S Korea Helps Fund Dangkao School for Vocational Training

The government plans to open a vocational school next year as part of an effort to train millions of unskilled workers, officials said Tuesday.

“In this time of Cambodia [realizing] international globalization, the need [for] human resources is very large,” said Minister of Cabinet Sok An at a workshop to develop the school.

South Korea is helping fund the $26 million school with a loan agree­ment signed in 2002. The school plans to teach skills such as hotel management, cooking, electronics repair, design and construction.

The project seeks to transfer the Korean Vocational Training System, which helped develop South Korea’s industrial development, to Cambodia, said South Am­bassador Lee Han Gon at the workshop.

“Superior technical manpower that [is] fostered and supplied by the school can be used as the generating power for Cambodia’s economic and social progress, and Cambodia will rise as the Mecca for cultivating high-quality human resources,” the ambassador said.

The government will fund 20 percent of the school’s costs, said Khun Ranine, project manager of the National Cambodia-Korea Vocational Training School Pro­ject.
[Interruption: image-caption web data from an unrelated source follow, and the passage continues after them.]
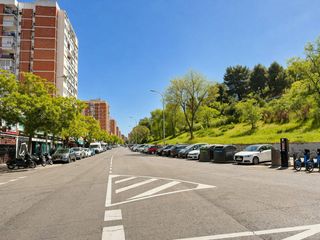 Pis  Calle de melchor fernández almagro. Grupo inmobiliario ares vende bajo de 50m2 para reformar en el b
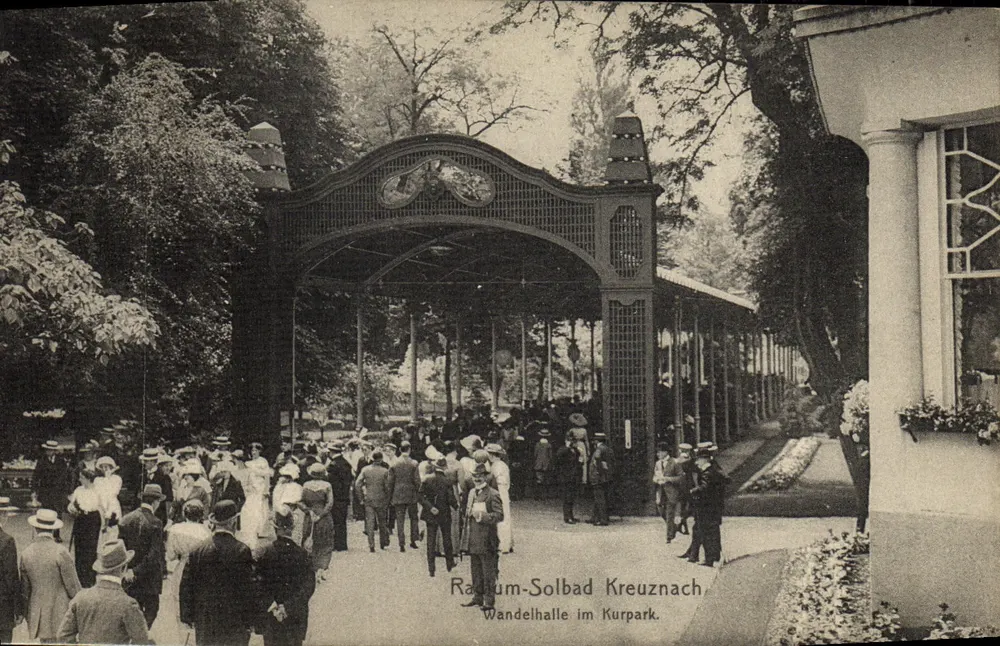 Radium-Solbad Kreuznach — Wandelhalle im Kurpark — Photographie von Ph. Does & Stihue, Verlag u. Verlag Kreuznach - Vorderseite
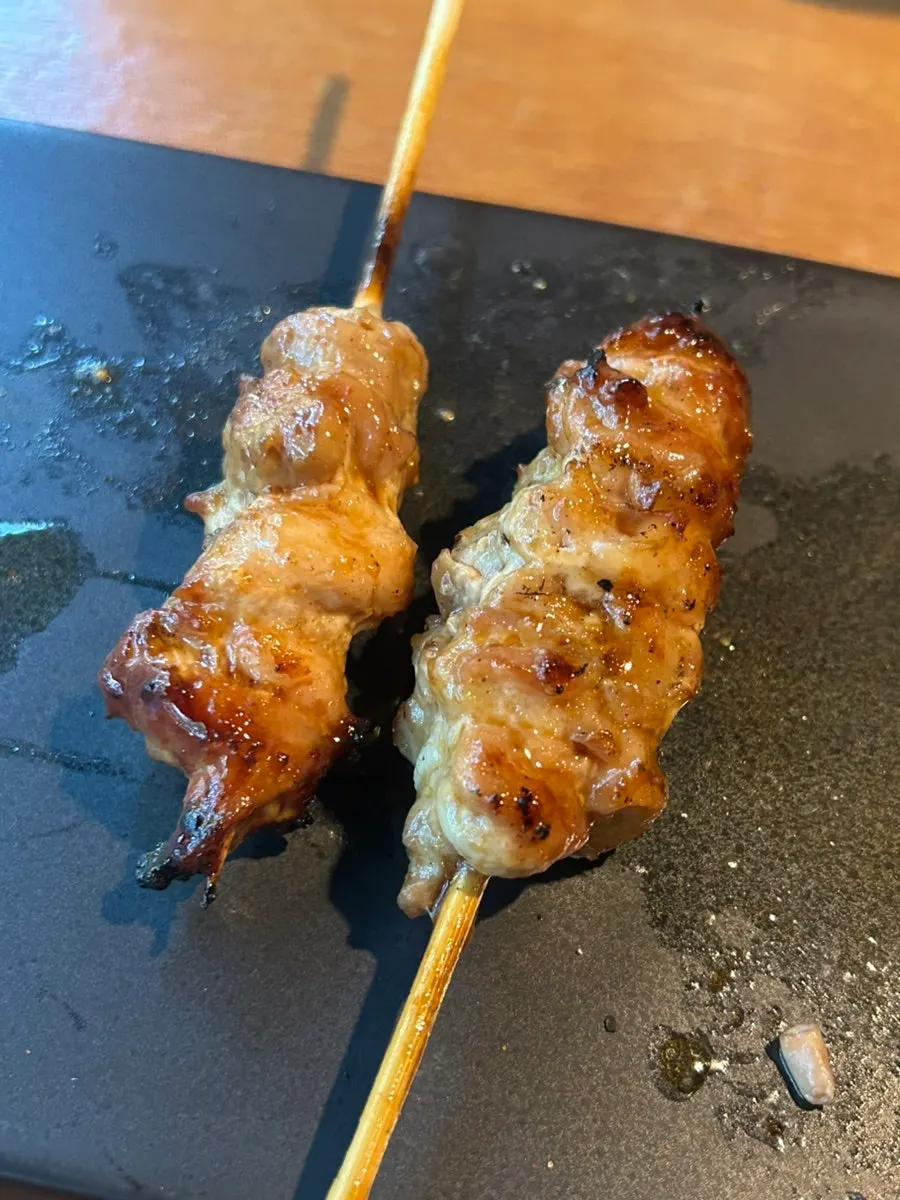Soy sauce-seasoned skirt steak skewer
Officials plan for the school to offer training in 12 skill areas for 3,000 short-term students and 600 long-term students per year.

The school’s construction began last June in Phnom Penh’s Dang­kao district and is expected to be completed by the end of the year.

Sok An estimated that 3.5 million of the country’s 5 million-strong labor force is unskilled.

About 200,000 people leave school and need jobs every year, he added.

Job opportunities will open up as a labor force of in­creasingly skilled workers at­tracts foreign investment, Lee Han Gon said.

“Through the cultivation of superior manpower, it is ex­pected that there will be more foreign investment in Cambodia, and it will become easier for Cambodia to attract foreign enterprises,” he said.

Tuition fees for the school have not yet been determined. If all goes well, officials said, they may promote the school throughout the region.

“We will consider offering training to Myanmar or Laos,” Khun Ranine said.